Let $X \xrightarrow{x} Z \xleftarrow{y} Y$ be a cospan of sets, and consider the pullback $X \times_Z Y$.
Given $f\colon Y \to Y'$, I would like to show that $\newcommand{\id}{\operatorname{id}}\id_X \times_Z f$ is an isomorphism if, and only if, $f$ is an isomorphism.
The if-direction is clear, but I'm struggling with $\implies$.
Specifically, I'm struggling with showing that $(\id \times_Z f)^{-1}$ is again of the form $\id \times_Z g$.
So let $\id_X \times_Z f$ be invertible. By the universal property of pullbacks, we have \begin{align} \operatorname{Fun}(X \times_Z Y', X\times_Z Y) \cong \{ (\alpha, \beta) \mid x \circ \alpha = y \circ \beta \} \subset \operatorname{Fun}(X \times_Z Y', X) \times \operatorname{Fun}(X \times_Z Y', Y) \ , \end{align} and given some map $u$ on the LHS, the two maps on the RHS are determined by \begin{align} \alpha = \pi_1 \circ u \quad \text{and} \quad \beta = \pi_2 \circ u \ , \end{align} where $\pi_i$ are the projections.
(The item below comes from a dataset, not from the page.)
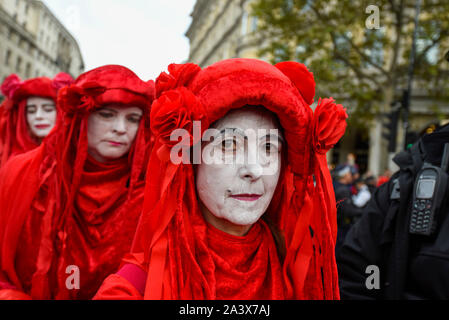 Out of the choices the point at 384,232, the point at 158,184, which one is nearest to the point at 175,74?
the point at 158,184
So, for $u = (\id_X \times_Z f)^{-1}$, we are obviously forced to have $\alpha = \pi_1$, but of $\beta$ we only know that its some function $X \times_Z Y' \to Y$ satisfying $\beta \circ \id \times_B f = \pi_2$.
So I don't really see how/where the $X$-dependence of $\beta$ vanishes. Any help would be appreciated.
Edit: Let us also assume that $X \to Z$ is a surjection and that $Z$ is not empty.